# Dringend: Tar-Probleme!

## ChrisM87

Hallo,

erstmal sorry fuer das "Dringend" im Betreff, aber hier geht es leider um eine Produktiv-Kiste, die spaetestens morgen frueh wieder laufen muss!

Ich wollte einen Rechner auf RAID1 migrieren und habe dazu das komplette Root-Dateisystem in ein tar.gz-Archiv gepackt. Bei diesem Packvorgang habe ich mit -v zugesehen und gesehen, dass er offenbar alles reingepackt hat. Das Archiv hatte dann auch eine Groesse von 29GB, was mir realistisch scheint.

Ich habe das Archiv dann auf einen anderen Rechner geschoben, den besagten Rechner mit der Gentoo-CD gebootet (in der ich jetzt auch immer noch bin), RAID eingerichtet, partitioniert etc. und das Archiv (immer noch richtige Groesse und gleiche md5sum!) zurueckkopiert.

Allerdings zeigt mir jetzt sowohl tar -tyvf als auch das Gnome-Entpackprogramm hier auf der Gentoo-LiveCD nur ein unvollstaendiges /sys im Archiv an (darin nur dm-0, md0, md1, md2 unter /sys/block/). Mit -x kommt auch nicht mehr heraus.

Woran koennte das liegen und wie komme ich an die restlichen Daten? Klar war es keine so clevere Idee, ohne --exclude zu packen, aber die koennen ja jetzt unmoeglich verloren sein, das Archiv hat ja noch wie vor 29GB!

Danke fuer eure Antworten!

ChrisM

----------

## toralf

Wird das /sys Filesystem nicht erst zur Laufzeit - analog /proc - angelegt  ?

----------

## ChrisM87

Hallo,

doch, aber ich hab halt beim Packen alles in das Archiv reingepackt und mir gedacht, dass ich spaeter nach dem Entpacken ja immer noch aufraeumen kann.
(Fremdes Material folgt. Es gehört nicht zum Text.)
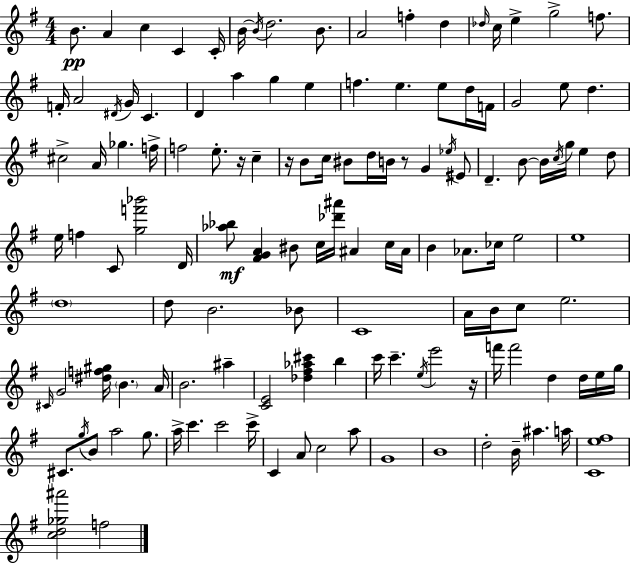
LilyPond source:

{
  \clef treble
  \numericTimeSignature
  \time 4/4
  \key e \minor
  \repeat volta 2 { b'8.\pp a'4 c''4 c'4 c'16-. | b'16~~ \acciaccatura { b'16 } d''2. b'8. | a'2 f''4-. d''4 | \grace { des''16 } c''16 e''4-> g''2-> f''8. | \break f'16-. a'2 \acciaccatura { dis'16 } g'16 c'4. | d'4 a''4 g''4 e''4 | f''4. e''4. e''8 | d''16 f'16 g'2 e''8 d''4. | \break cis''2-> a'16 ges''4. | f''16-> f''2 e''8.-. r16 c''4-- | r16 b'8 c''16 bis'8 d''16 b'16 r8 g'4 | \acciaccatura { ees''16 } eis'8 d'4.-- b'8~~ b'16 \acciaccatura { c''16 } g''16 e''4 | \break d''8 e''16 f''4 c'8 <g'' f''' bes'''>2 | d'16 <aes'' bes''>8\mf <fis' g' a'>4 bis'8 c''16 <des''' ais'''>16 ais'4 | c''16 ais'16 b'4 aes'8. ces''16 e''2 | e''1 | \break \parenthesize d''1 | d''8 b'2. | bes'8 c'1 | a'16 b'16 c''8 e''2. | \break \grace { cis'16 } g'2 <dis'' f'' gis''>16 \parenthesize b'4. | a'16 b'2. | ais''4-- <c' e'>2 <des'' fis'' aes'' cis'''>4 | b''4 c'''16 c'''4.-- \acciaccatura { e''16 } e'''2 | \break r16 f'''16 f'''2 | d''4 d''16 e''16 g''16 cis'8. \acciaccatura { g''16 } b'8 a''2 | g''8. a''16-> c'''4. c'''2 | c'''16-> c'4 a'8 c''2 | \break a''8 g'1 | b'1 | d''2-. | b'16-- ais''4. a''16 <c' e'' fis''>1 | \break <c'' d'' ges'' ais'''>2 | f''2 } \bar "|."
}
Eigentlich muesste ja auch /proc usw. drin sein, aber wie gesagt, beim Entpacken mit -x kriege ich nur ein 400kb grossen Teil von /sys/ aus dem 29GB grossen Archiv.

Interessant ist, wenn ich mit -v entpacke, hat er sofort nach einer Sekunde das /sys entpackt und dann liest er noch 10 Minuten oder so von der Festplatte das restliche Archiv, aber entpackt ueberhaupt nichts mehr.

ChrisM

----------

## toralf

Was ich meine, ist, daß man das /sys gar nicht tar'en kann/muß/braucht,  da der Kernel es zur Laufzeit jedesmal _neu_ anlegt.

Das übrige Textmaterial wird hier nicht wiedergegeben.